This game is very well done and serves as subtle critic to contamination and global warming. It's a beautiful game in every aspect. The graphics are simple, but the way they're made gives the game a fitting atmosphere. Also, the sound is really well done. I don't know why, but it really took my attention. Every sound is exactly how it should be, every step, every time the ball hits the different surfaces.

The other thing that I really liked is the radio that is always playing, mixing stories from the public and music with a nostalgic touch. On the gameplay side, I've experienced no bugs so far (I have completed 23 of the 30 levels). I really liked how you can use almost every surface of the levels to your advantage. However, I feel like golfing takes backseat to the actual narrative of the game.

Almost everything is good, but I have found a few problems. As I live in a spanish-speaking country, the game is in that languaje as default, and I have found a LOT of little grammar mistakes (losultraricos, déjame contare mi historia, verda).

As for recommendations, I think that it would be great if there was a shot counter and the par in every level.

Abhimanyu Saxena (iPhone 8 Plus)

First things first, I didn't have any expectations. The trailer looked good and promised something new, and it kind of did that too. I don't play golf or casual games much - I think the last one that I played was Lichtspeer - but what amazed me was the story, the setting, the music, and the overall feel to the game. It looked like an apocalypse had struck and the setting helped create that atmosphere.

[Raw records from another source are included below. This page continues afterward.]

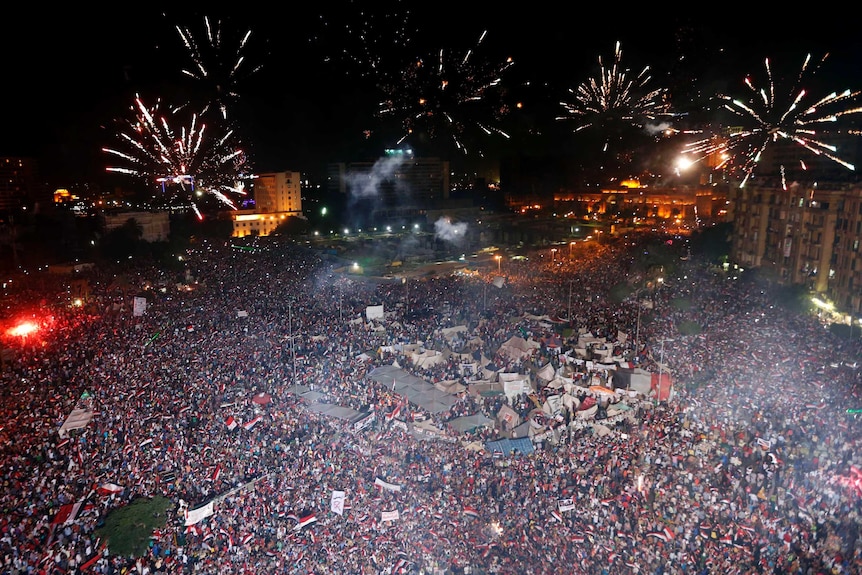Fireworks over Tahrir Square after Egypt's armed forces suspended the constitution.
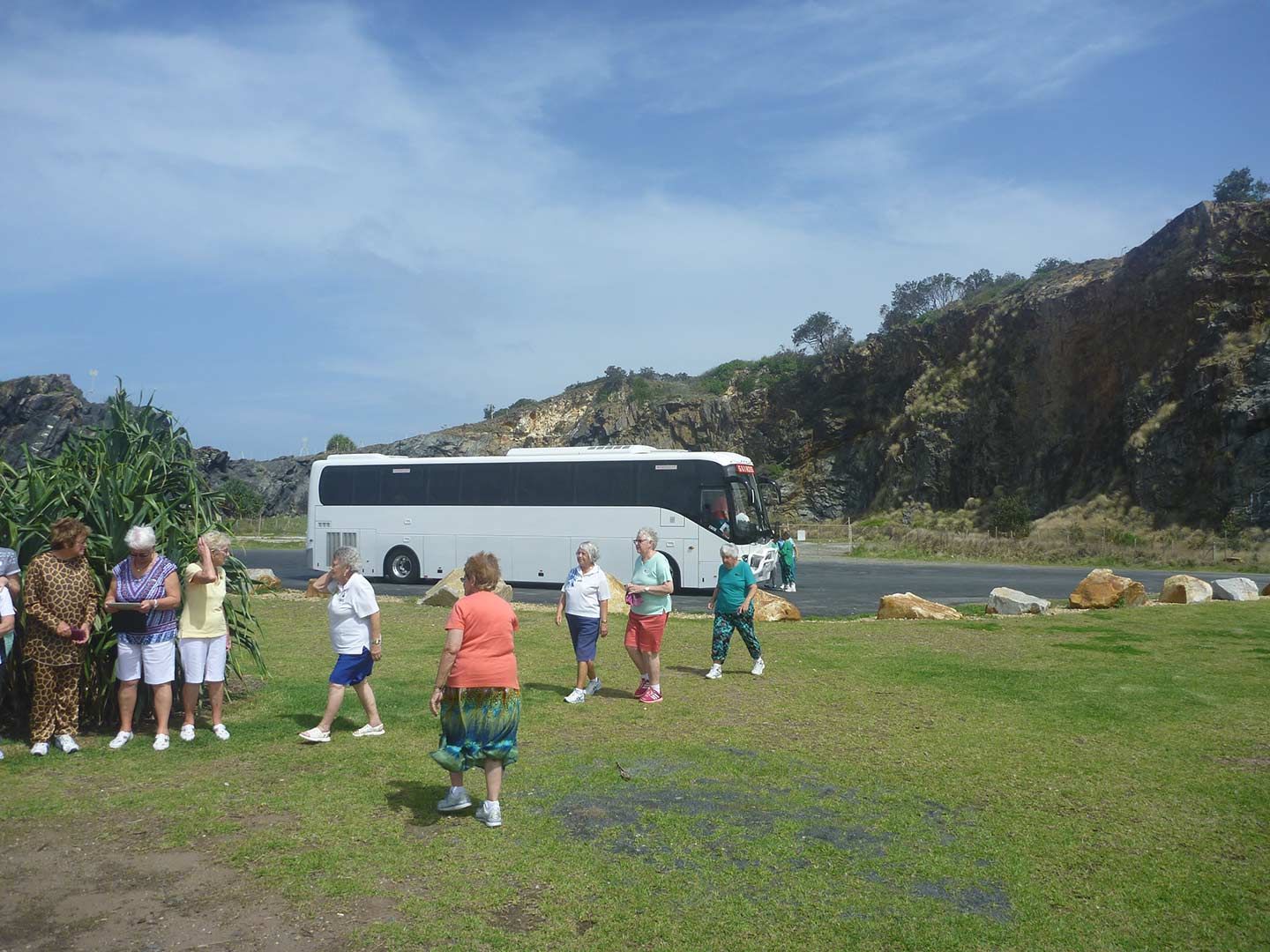 A Group of People Standing in Front of A White Bus — G & D Ross Bus Charters In Emerald, QLD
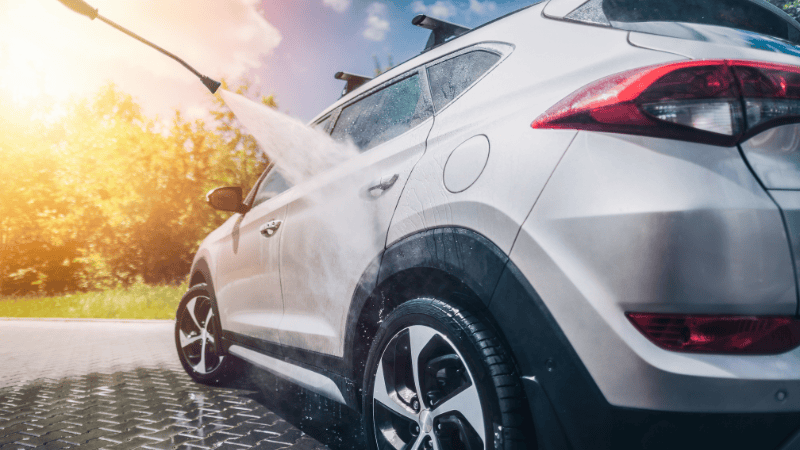 A man is washing the car with a high-pressure water jet.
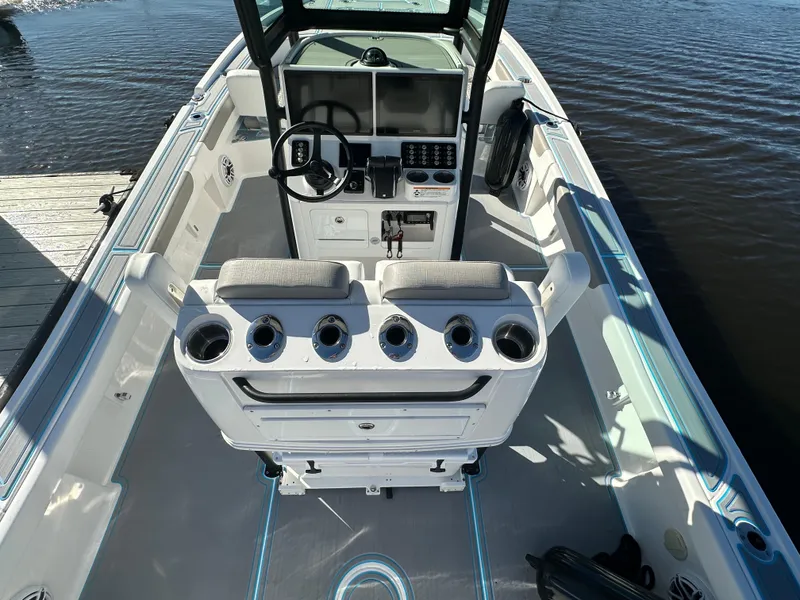 Slide: The Image of 2024 Caymas 281 HB boat interior with console and seating, docked on calm water. - 4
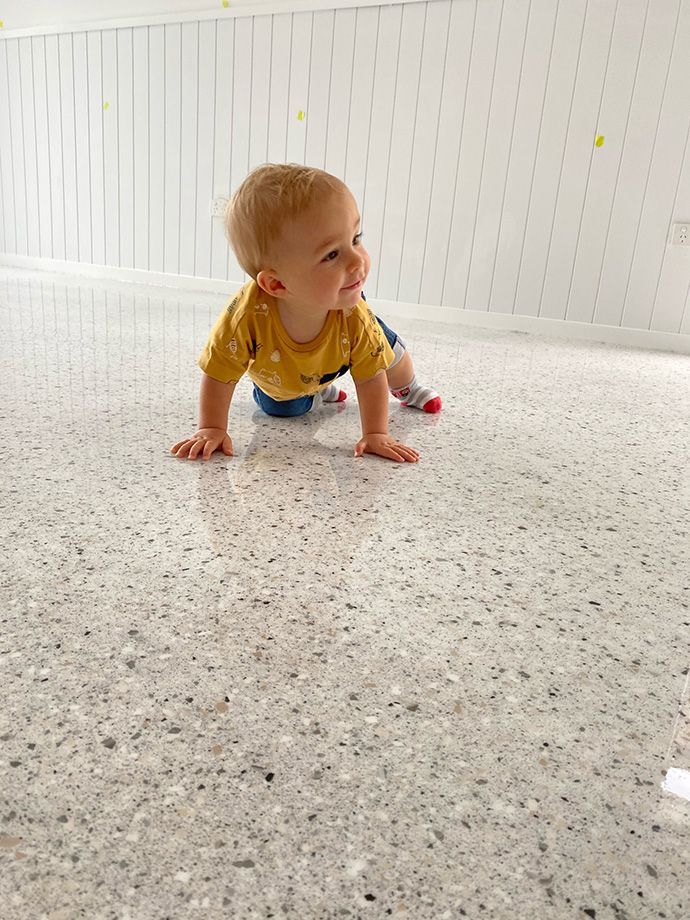 Smiling baby crawling on a speckled, light-colored floor, wearing a yellow shirt and blue pants. White wall in background.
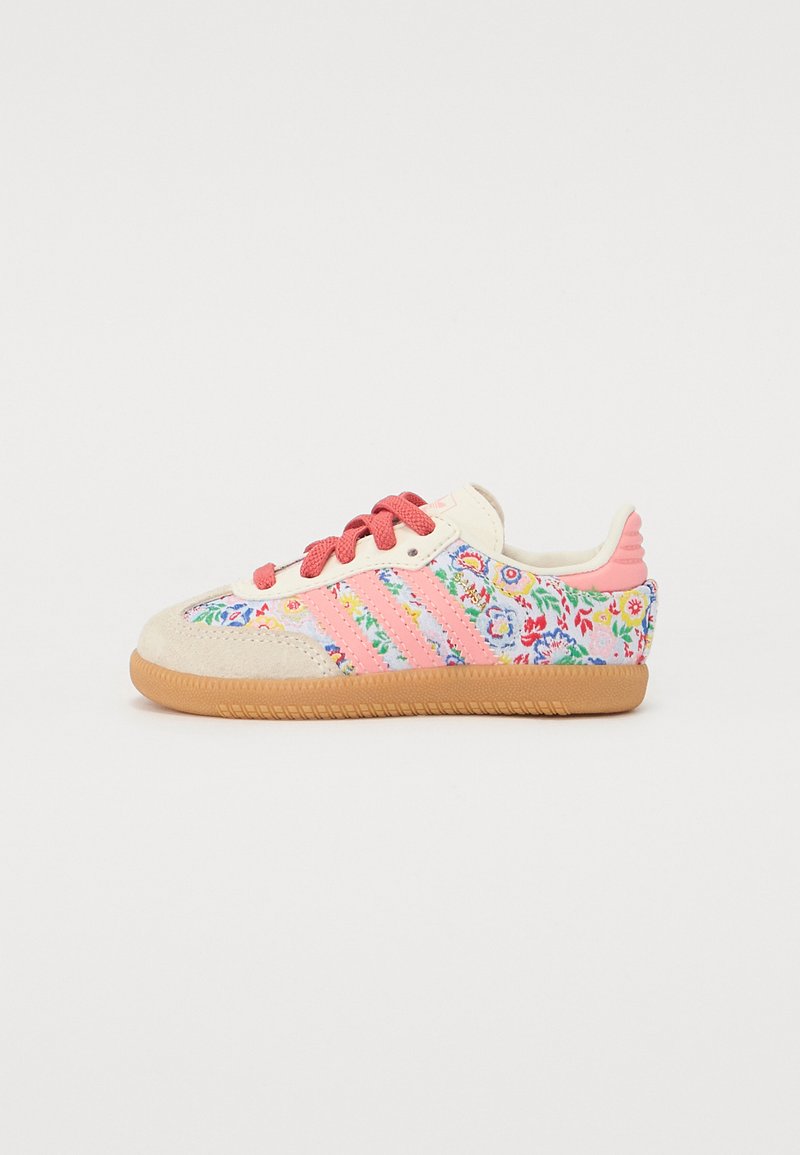 Sneaker with a cream suede upper, pink shoelaces, and colorful floral embroidery. Features three pink stripes and a brown rubber sole.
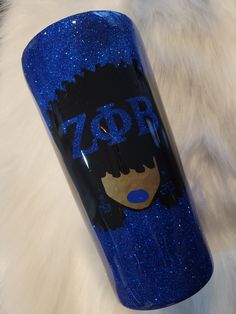 a blue glittered water bottle with the word 70r on it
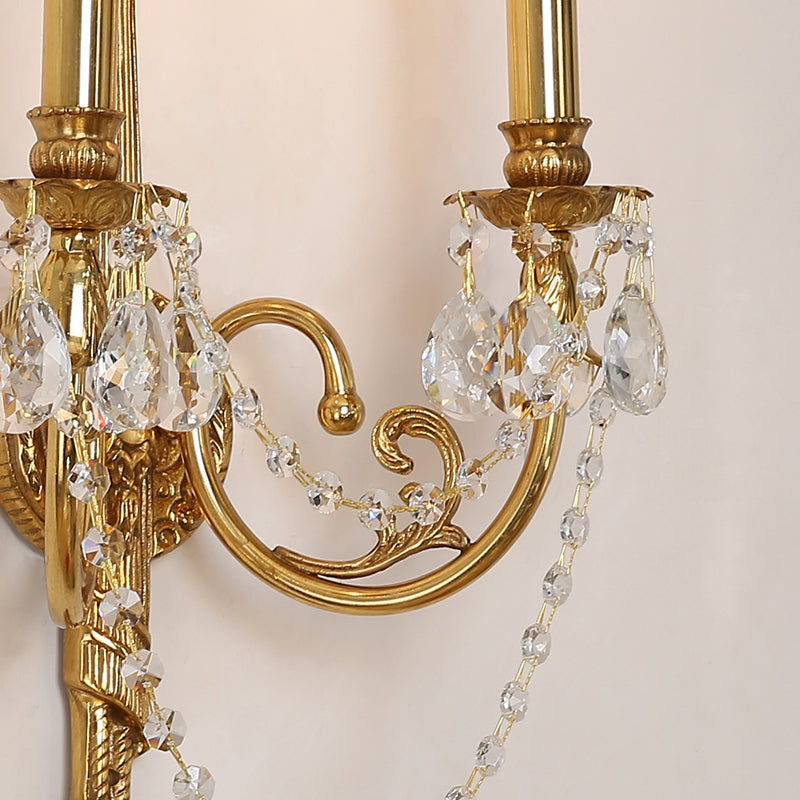 Extreme close-up of the sconce’s patinated metalwork, leaf relief, and teardrop crystal strings.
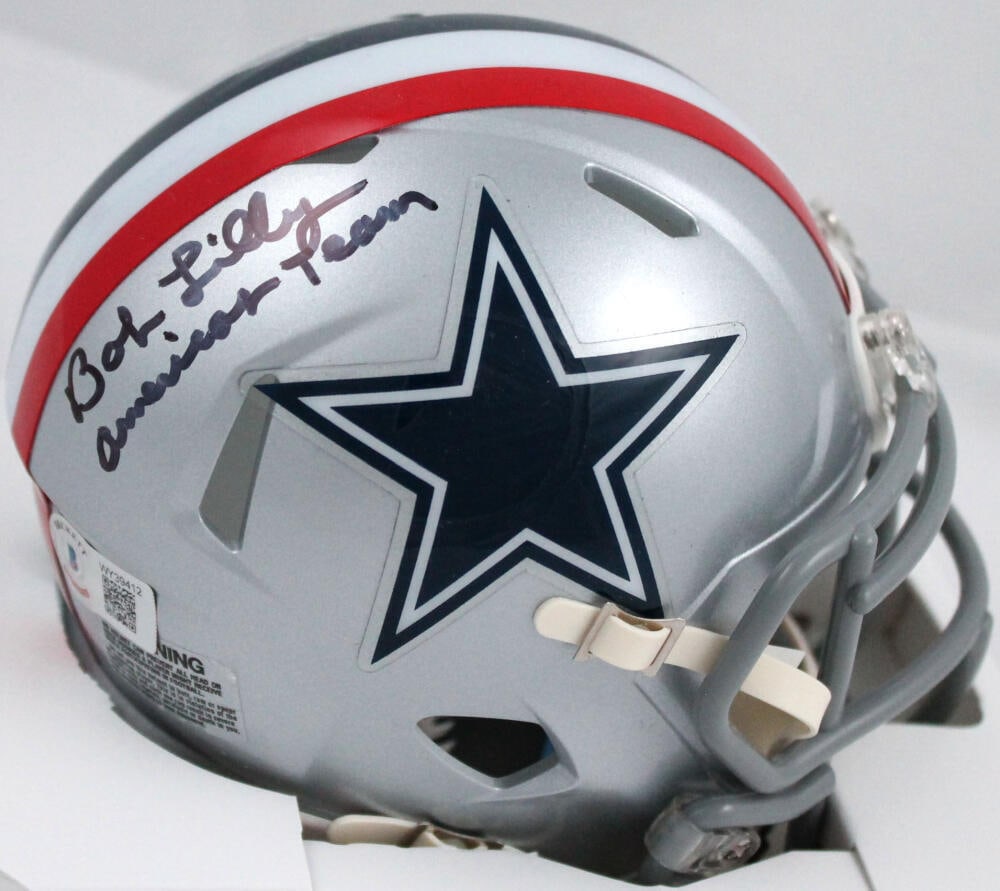 Bob Lilly Signed Cowboys 76 Speed Mini Helmet w/Americas Team-Beckett W Hologram: Bob Lilly Signed Cowboys 76 Speed Mini Helmet w/Americas Team-Beckett W Hologram Sport: Football-NFL Product: Helmet Original/Reprint: Original Player: Bob Lilly Team: Dallas Cowboys Autograph Authent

The game is just another mini golf game in a unique setting, which is no crime. I played many levels and it worked smoothly and it gets tough ahead as the levels become quite challenging. The sound is surely a plus point and when the ball touches different surfaces, the sound is different too which is a brilliant detail. It's a nice, casual sports game and you can easily pass your time playing this. Go for it if you're a golf fan.

Matt Renfer (iPhone 6S)

Golf Club: Wasteland is essentially a game of mini-golf set in a post apocalyptic wasteland. Thankfully, this doesn't mean zombies (for once), but more like total ecological devastation.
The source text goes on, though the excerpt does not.